Thursday, May 17
Perhaps the best quote ever given on the “recipe” for jazz came from legendary saxophonist Dexter Gordon. “Jazz is an octopus,” he said. “It takes what it can use.” That’s the attitude that you hear in the music going all the way back to the New Orleans “second line” that forms jazz’s foundation: Among others, ragtime, marches, and Latin flavors all went into the magic those musicians were working. These days, Yamomanem, led by tubaist Monty Montgomery, plays that same second line music but takes what they can use: electric guitars, funky beats, modern Latin and Caribbean grooves, and even a little bit of the swing rhythms that supplanted early jazz’s two-steps and cakewalks. Montgomery calls it, quite presciently, ” the second line beats of the street.” That’ll do, jazz octopus.

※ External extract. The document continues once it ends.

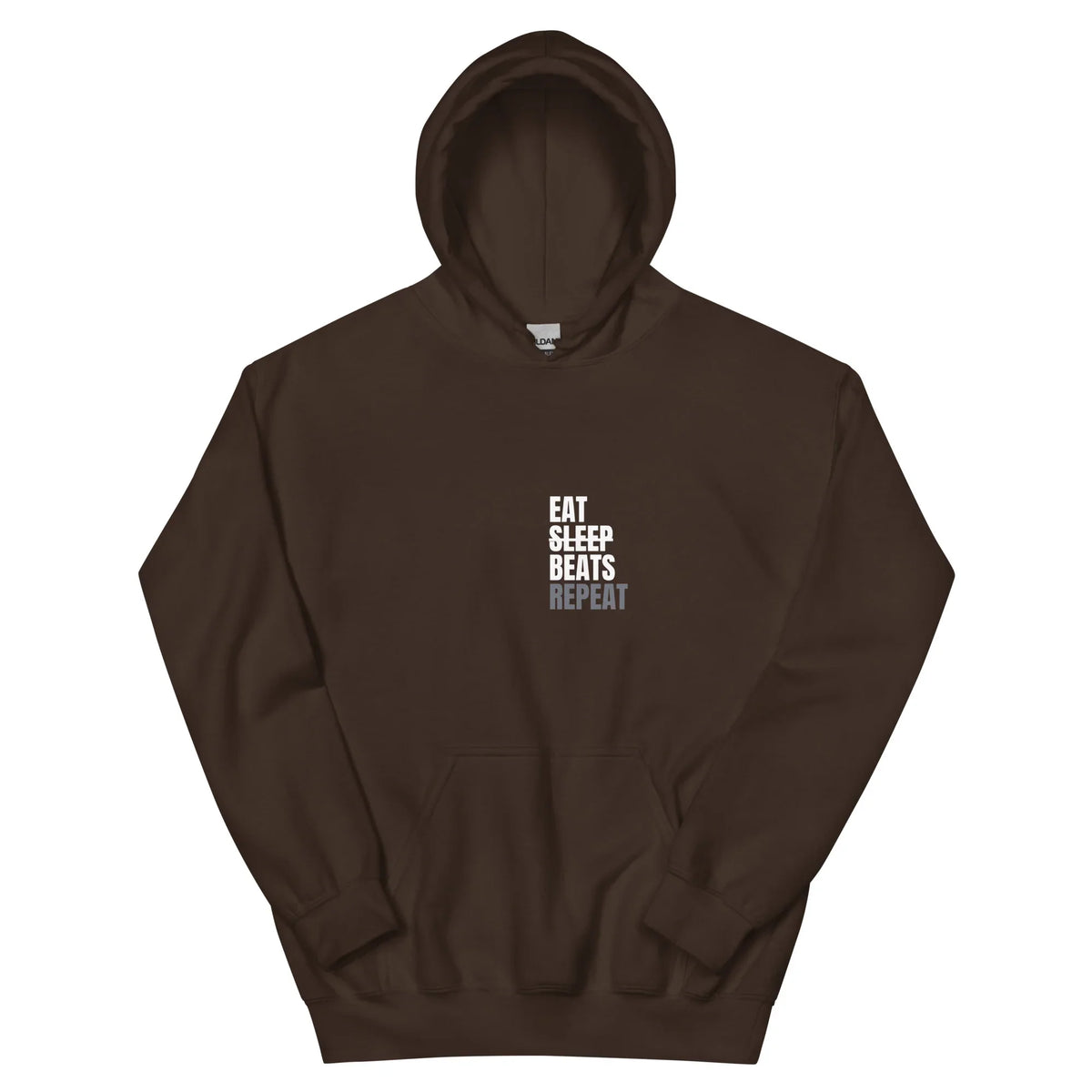 Eat Sleep Beats Repeat hoodie in Brown, flat front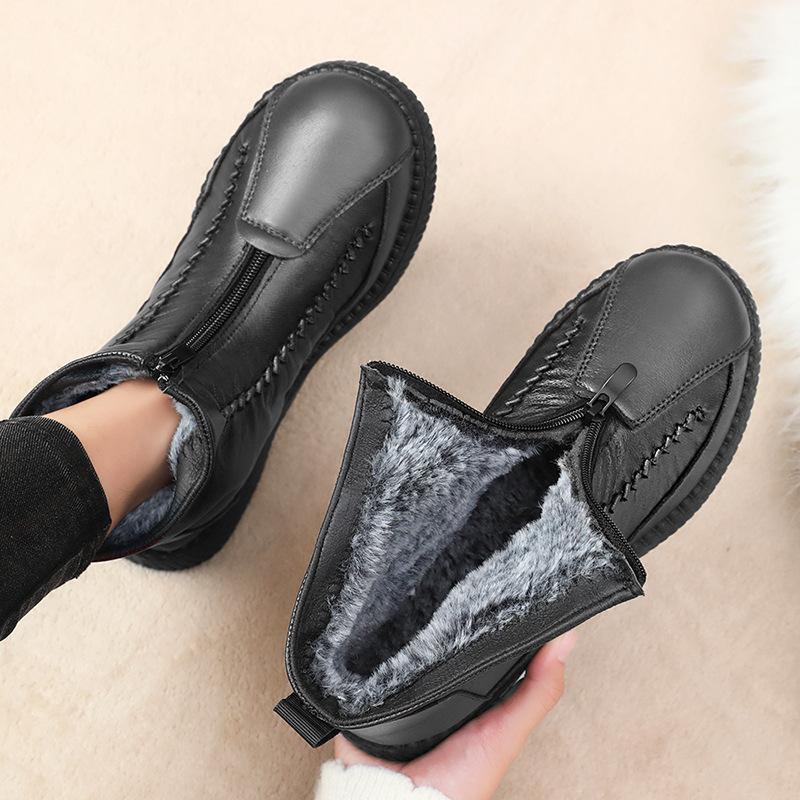 Cotton Boots Women's Winter Velvet Thickened Warm Mother Shoes Soft Sole Middle-aged and Elderly Cotton Shoes Outdoor Sports Snow Boots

That’ll do. Yamomanem performs at 10 p.m. at Haydee’s Restaurant, 3102 Mt. Pleasant Street NW. Free with one-drink minimum.
Friday, May 18
Some time ago, another local jazz type and I were discussing our favorite drummers. He said Lewis Nash, I said Jeff Watts, and we debated a bit. But I stopped the conversation short to note, “We should really qualify this whole thing and say “our favorite drummers aside from Roy.” He agreed. How could he not? Roy Haynes, 87 years old, is a man of the bebop era—-the last remaining survivor of the various Charlie Parker Quintets, in fact—-who helped to revolutionize how the kit was heard in jazz music. He quickly joined the small cluster of musicians who always sound contemporary, no matter what style he plays in. (It helps that he was sometimes ultra-modern, becoming an irreplaceable member of the “New Thing” movement of the ’60s.) Today, just to drive that point home, he works with a much younger ensemble (saxophonist Jaleel Shaw, pianist Martin Bejerano, and bassist David Wong) in the “Fountain of Youth” band. It’s not as easy to tell who brings the “youth” as you might think. They perform at 8 and 10 p.m. at Blues Alley, 1073 Wisconsin Ave. NW. $40.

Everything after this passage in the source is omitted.